Por Rivelino Rueda
La fraternidad que soldaba nuestras vidas
hacía superfluos e irrisorios
todos los lazos que hubiéramos
podido forjarnos.
¿Para qué, por ejemplo,
vivir bajo un mismo techo
cuando el mundo era
nuestra propiedad común?
Un solo proyecto nos animaba:
abrazarlo todo
y testimoniar de todo.
Simone De Beauvoir/La plenitud de la vida
Qué poco aguantan los nervios y la paciencia para un ser humano enjaulado, confinado a sortearse él mismo y supuestamente a los que más quiere. Qué límites tan cortos de tolerancia con uno mismo en el encierro. Qué pocos espejos hay en las habitaciones de la mente. Qué insignificantes somos cuando nos conocemos en cuatro paredes.
La pandemia nos ha desnudado. Los gritos se asoman electrizantes detrás de portones y ventanales estáticos. Enerva el cositeo de los insectos. Despedaza los nervios el sonido de la atarjea. No nos conocemos.

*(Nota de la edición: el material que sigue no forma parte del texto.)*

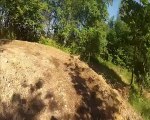 go pro mx treem mx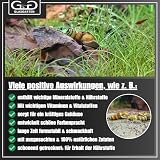 GlasGarten Snail Dinner | 27g – Premium Schneckenfutter, Hauptfutter für Süßwasser-Schnecken, aus 100% natürlichen Zutaten gepresst, schonend getrocknet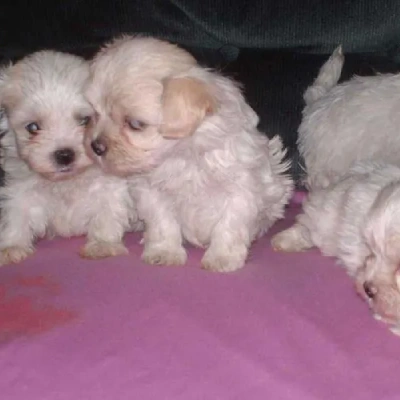 Maltese puppies for sale in Bikaner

Nunca nos hemos conocido. En el confinamiento comenzamos a hacerlo, poco, pero lo hemos hecho. Y sí. Las horas de pandemia, sus insomnios y sus comidas a deshoras, nos han enseñado lo abominables y ruines que somos.
“¡Que con una chingada! ¡Si no me devuelves la pantalla voy en este momento por ella y te armo un desmadre pinche vieja!” El hombre gesticula y amenaza desde su teléfono móvil. Está colocado entre dos camionetas de mudanza en la esquina de Doctor Andrade y Concepción Méndez. Violenta y agrede. Manotea. Balbucea sandeces de cuarentena.
La mujer de la fila de las tortilla le comenta a Pilar, la despachadora de los discos de maíz, que el sujeto fue a patear su puerta a las cuatro de la madrugada. “¡Ya no sé qué hacer!” “¡Estaban ahí los niños y a él no le importó despertarlos con sus gritos de borracho!” “¡Que quiere regresar a su casa! ¡Dice que todavía es su casa!”
Tantea unos aguacates. Toma una salsa verde en vaso de plástico. Aspira el aroma hirviente del nixtamal, que pica la nariz e inyecta los ojos. El encierro trastorna. El encierro desfigura los diámetros de la realidad. La mujer se despide de Pilar y se enfila hacia un confinamiento incierto, peligroso, brutal.
“¡No supiste con quién te metías! ¿Verdad, cabrón? Yo nada más te digo que ya te cargó la chingada”. La luz encendida en lo que parece un cuarto de biblioteca expresa la histeria del encierro. Una calle vacía a la una de la madrugada, la de Doctor Barragán, se estremece con los gritos prepotentes de un hombre fuera de sí.
El goteo de los arbustos tras la tormenta acompañan los alaridos de animal encerrado, de rata atrapada en el papel de goma adherente, de puerco en camión de redilas. El encierro desnuda. Atrapa en cuartos de espejos cóncavos y convexos.
Un bebé berrea lamentos escalofriantes. La pareja del piso tres manotea detrás del enorme ventanal. Los lastimeros ruidos guturales fracturan la noche enmohecida de mayo. La insoportable soledad interna.
La venganza enclaustrada por años. La hora de sacar todos los demonios acumulados en la pandemia. Todo el odio contra el otro, contra uno mismo, contra lo que nos rodea.
Vahos remotos en amaneceres de encierro. Desde puertas. Desde balcones con grietas. Desde esquinas desiertas. Desde ventanales empañados… El confinamiento persiste. La paciencia ya se agota, causa estragos, se va extinguiendo como ese cigarro, como esa persona intubada, como esa última exhalación anónima.
Día 54 de la pandemia. Al registrar 112 nuevos decesos por la pandemia de Covid-19, México reportó una cifra de 1,311 fallecimientos en una semana, luego de que la Secretaría de Salud informa que las defunciones en las últimas 24 horas pasaron de 3,353 a 3,465.
Hugo López-Gatell, vocero de la pandemia del Covid-19, anota que la cifra de contagios acumulados fue de 35,022 por ciento, es decir, 1,562 nuevos registros que el sábado en la noche, cuando se reportaron 33,460 casos.